Zacarias Moussaoui is a paranoid schizophrenic, a defence witness has told the jury in his sentencing trial in the US state of Virginia.

Psychologist Xavier Amador also said Moussaoui believed President George W Bush would release him.

The jury has to decide whether Moussaoui should be executed for his role in the 11 September 2001 attacks.

Defence lawyers are trying to persuade jurors to spare his life because there is evidence he is mentally ill.

Moussaoui, a French citizen of Moroccan descent, is the only person convicted in the US in connection with the attacks on New York and Washington.

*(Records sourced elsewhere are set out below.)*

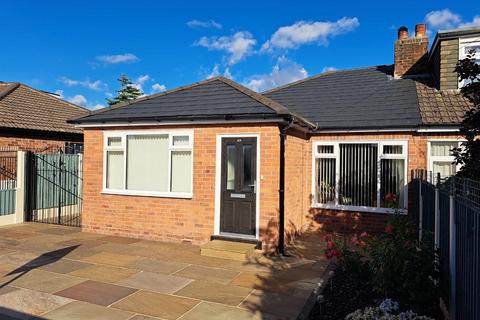 3 bedroom semi-detached bungalow for sale, Lamaleach Drive, Freckleton PR4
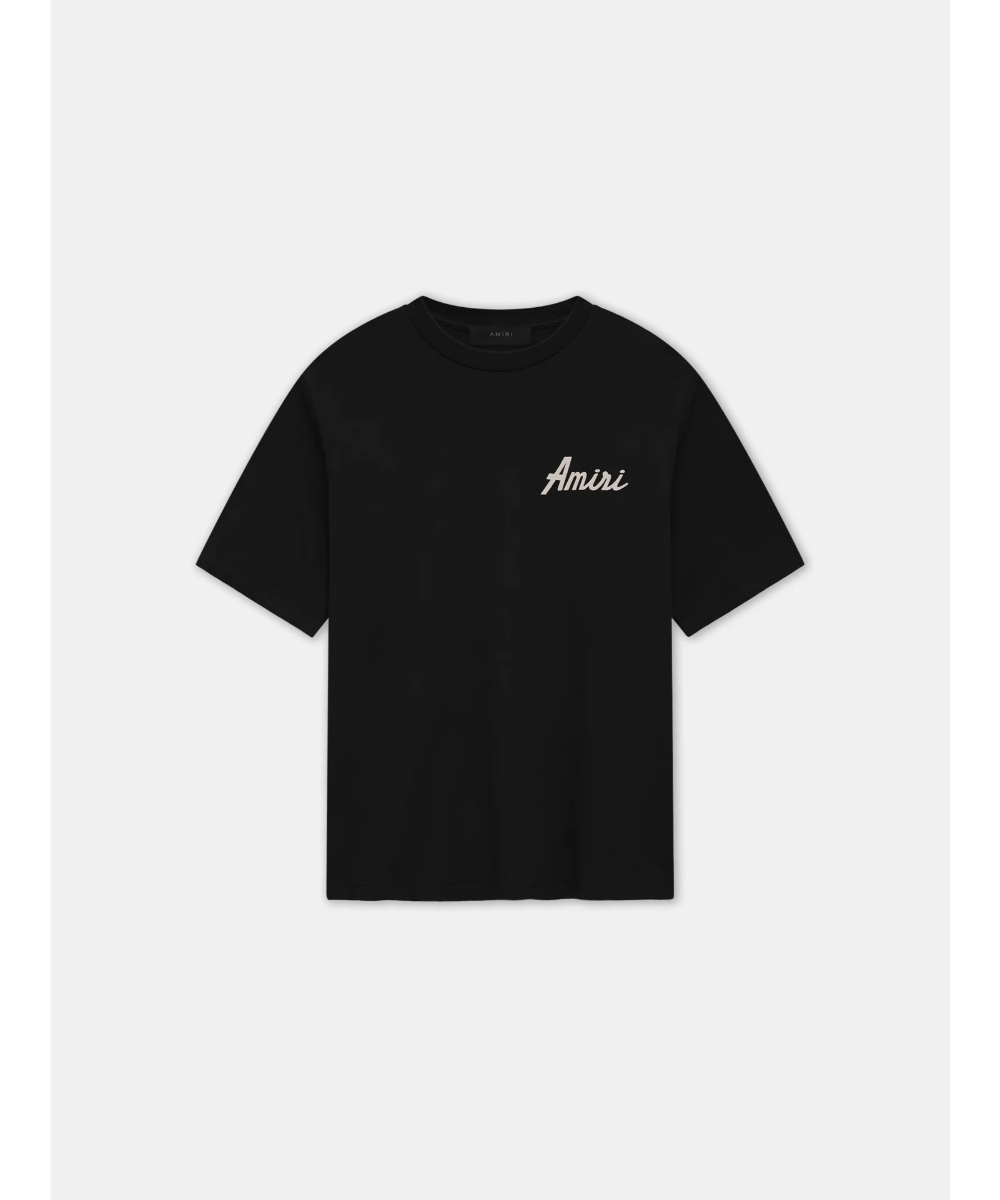 ⚠️本日12時まで値下げAMIRI Tシャツ 楽天市場】AMIRI アミリ Tシャツ ロゴ メンズ AMIRI CITY TEE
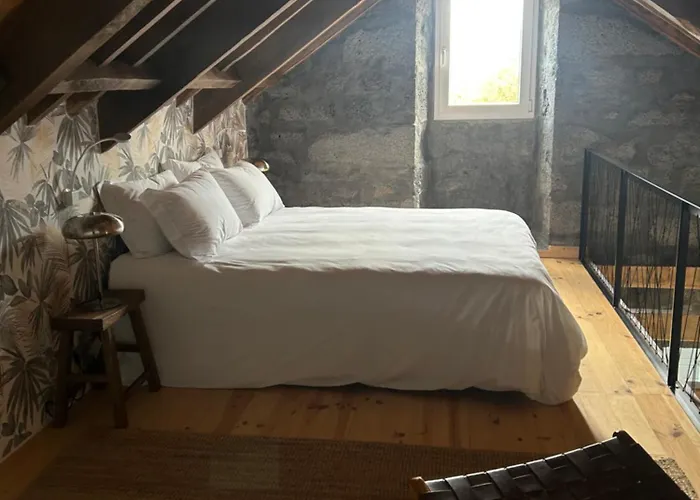 Ca Por Casa Pico-criptomeria Apartment Prainha (Sao Roque do Pico)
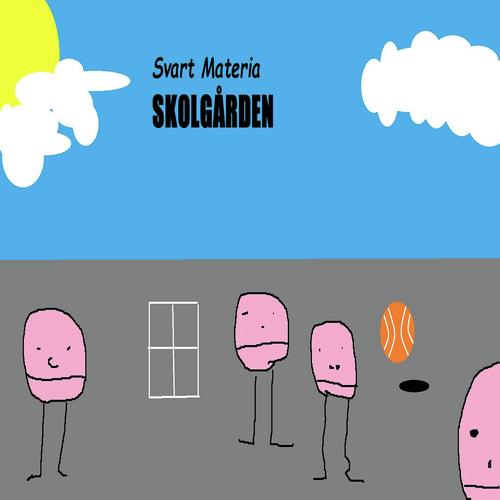 Henrik Hypokondri cover art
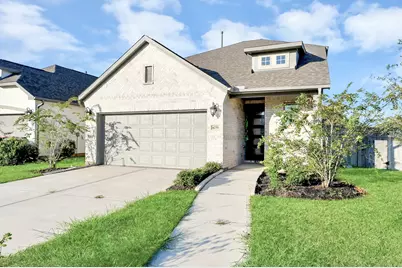 4251 Colony Lane, Missouri City, TX 77459 - Photo 5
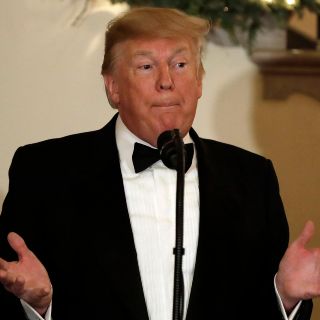 Trump llama "rata" a su ex abogado, Michael Cohen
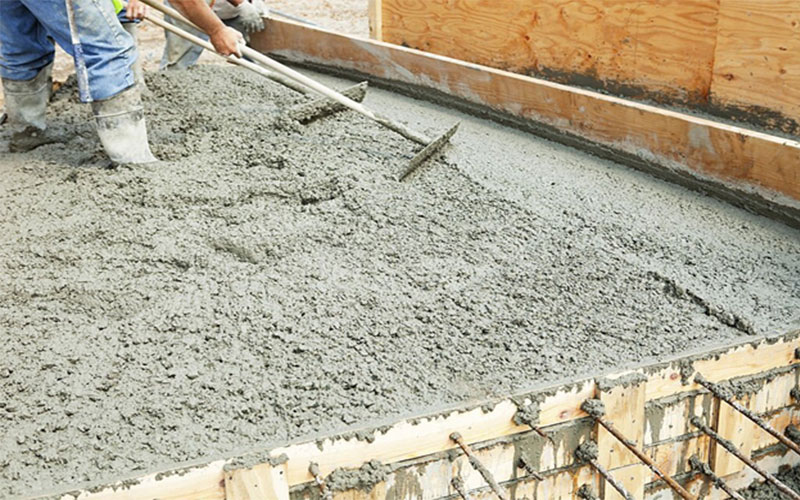 ساختمان چالش های صادرات سیمان به کشورهای همسایه: فرصت ها و موانع پیش رو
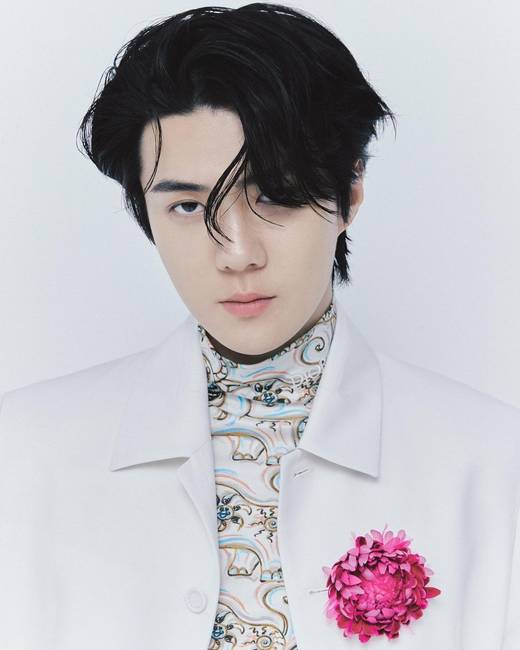 Oh Se-hun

Moussaoui was in jail in Minnesota at the time, but in an earlier phase of the trial prosecutors successfully argued that he had kept federal agents from identifying and stopping some of the hijackers.

'Beautiful terrorist mind'

Mr Amador said Moussaoui was convinced his defence lawyers were out to kill him and believed the FBI was bugging him before 11 September.

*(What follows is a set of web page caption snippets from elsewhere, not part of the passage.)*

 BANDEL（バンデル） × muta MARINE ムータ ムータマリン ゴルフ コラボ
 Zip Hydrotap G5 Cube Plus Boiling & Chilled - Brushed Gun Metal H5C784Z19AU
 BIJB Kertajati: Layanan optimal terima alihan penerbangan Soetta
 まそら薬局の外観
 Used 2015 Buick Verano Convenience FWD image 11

Mr Amador said Moussaoui's behaviour was not due to his fundamentalist beliefs, but to his paranoid schizophrenia.

At one point, Moussaoui shouted out "beautiful terrorist mind", apparently in reference to remarks made by Mr Amador on Monday, about the case of mathematician John Nash, a schizophrenic whose life story was made into the film, A Beautiful Mind.

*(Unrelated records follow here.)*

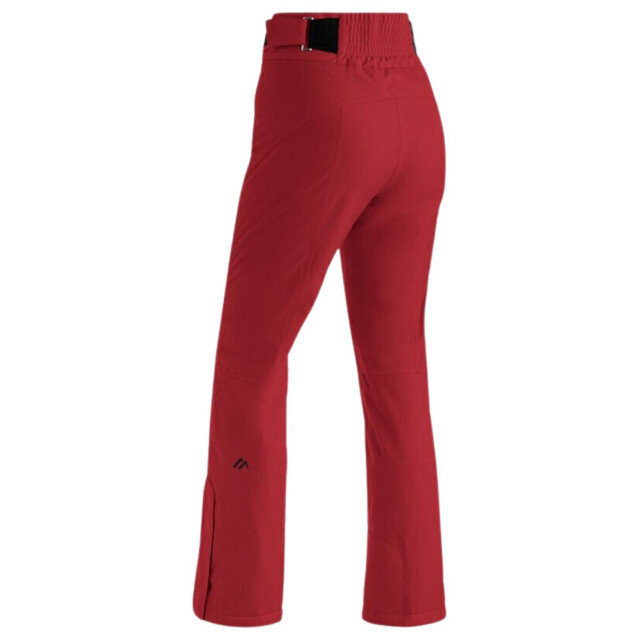 Maier Sports Softshell broek dames 3005223 Grote maten large
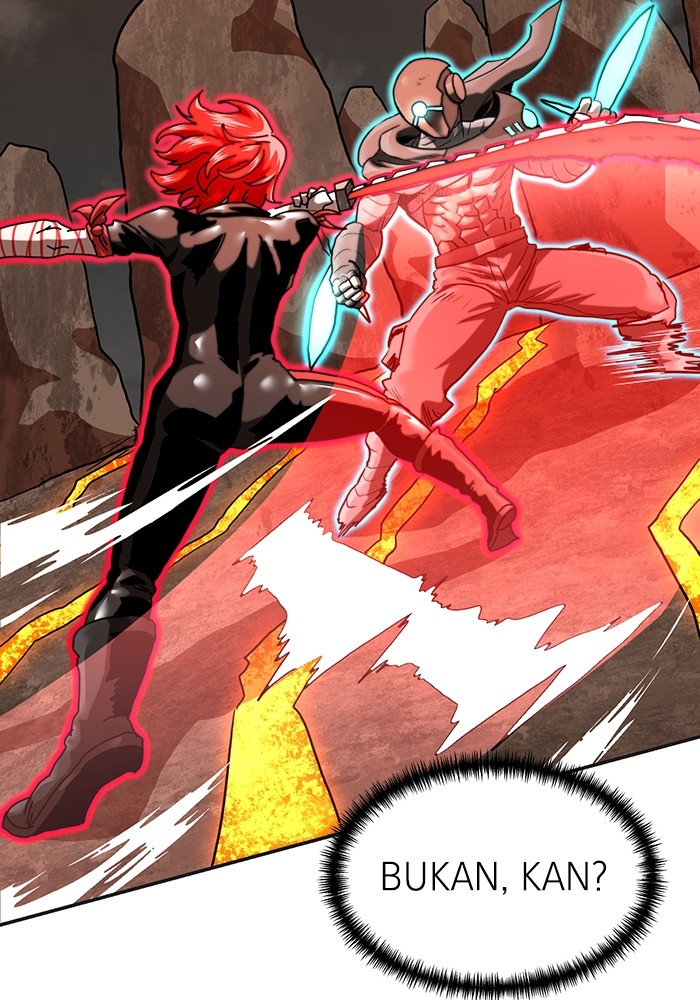 Double Click Chapter 167 - halaman 8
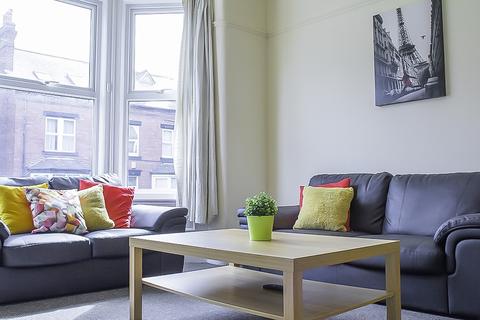9 Headingley Avenue, Headingley, Leeds, LS6 3EP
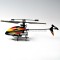 2.4G 4CH Mini Single Blade RC Helicopter with outdoor indoor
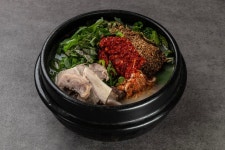 아바이순대감자탕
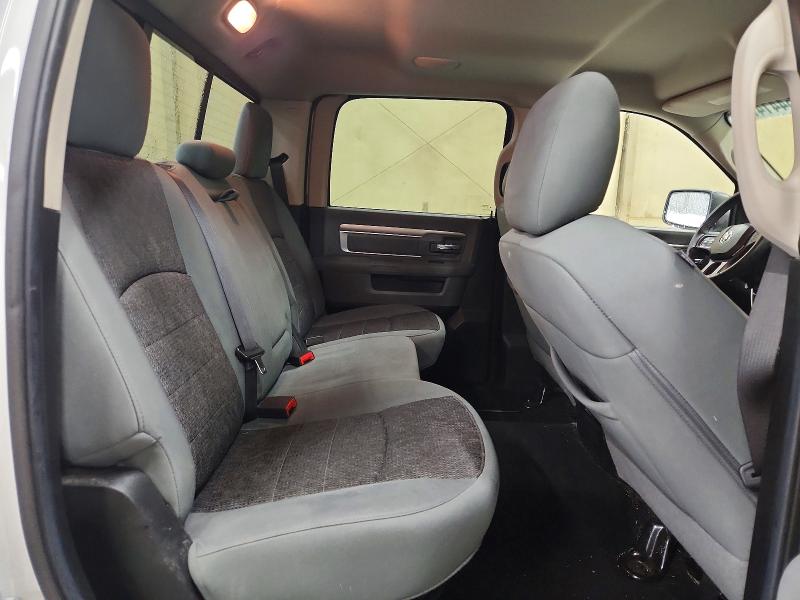 54414796 :رقم المزاد ، 1C6RR7LT7ES157703 vin ، 2014 Ram 1500 مزاد بيع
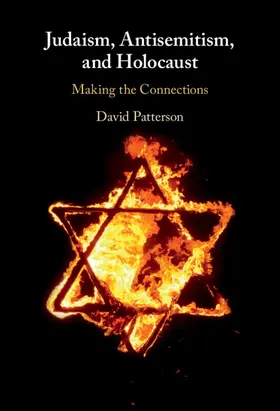 Patterson |  Judaism, Antisemitism, and Holocaust | Buch |  Sack Fachmedien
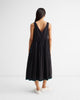 Ashwini Dress - Black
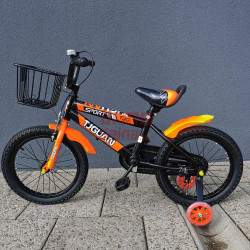 Vaikiškas dviratis SB 16 x 12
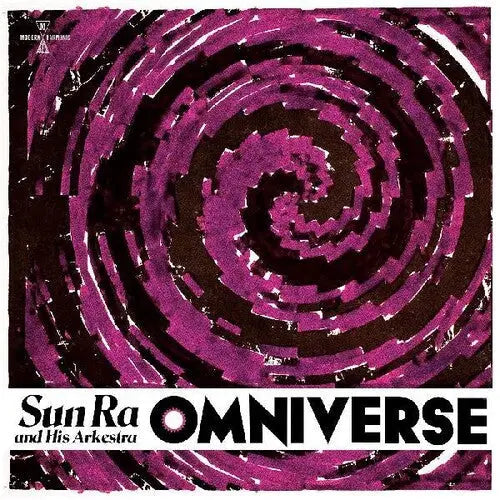 Sun Ra - Omniverse (Colored Vinyl) [Vinyl]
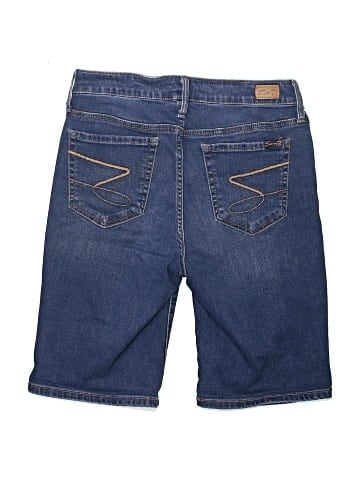 Seven7 Denim Shorts (view 2)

Mr Amador said that in an hour-long meeting with the defendant in his cell, Moussaoui had been agitated and aggressive.

He told the court that when he arrived, he found wet paper towels strewn across the floor of the cell and learned that Moussaoui had been spitting water at his guards. Moussaoui then proceeded to drench him as well, and refused to speak to him, Mr Amador said.

Eventually Moussaoui relented, at which point he became depressed and lost his "adversarial" demeanour.

"He said softly, 'Bush will release me'," Mr Amador said.

Mr Amador stressed to the court that Moussaoui "really believes that", at which point the defendant nodded emphatically.

At other times, Moussaoui frowned and shook his head as the psychologist described what he called evidence of delusional states.

On Monday, the court heard that Moussaoui came from a broken home where his mother was repeatedly beaten, and that there was a history of mental illness in his family.

The prosecution wrapped up its case last week, after presenting the jury with emotional evidence from the 11 September attacks.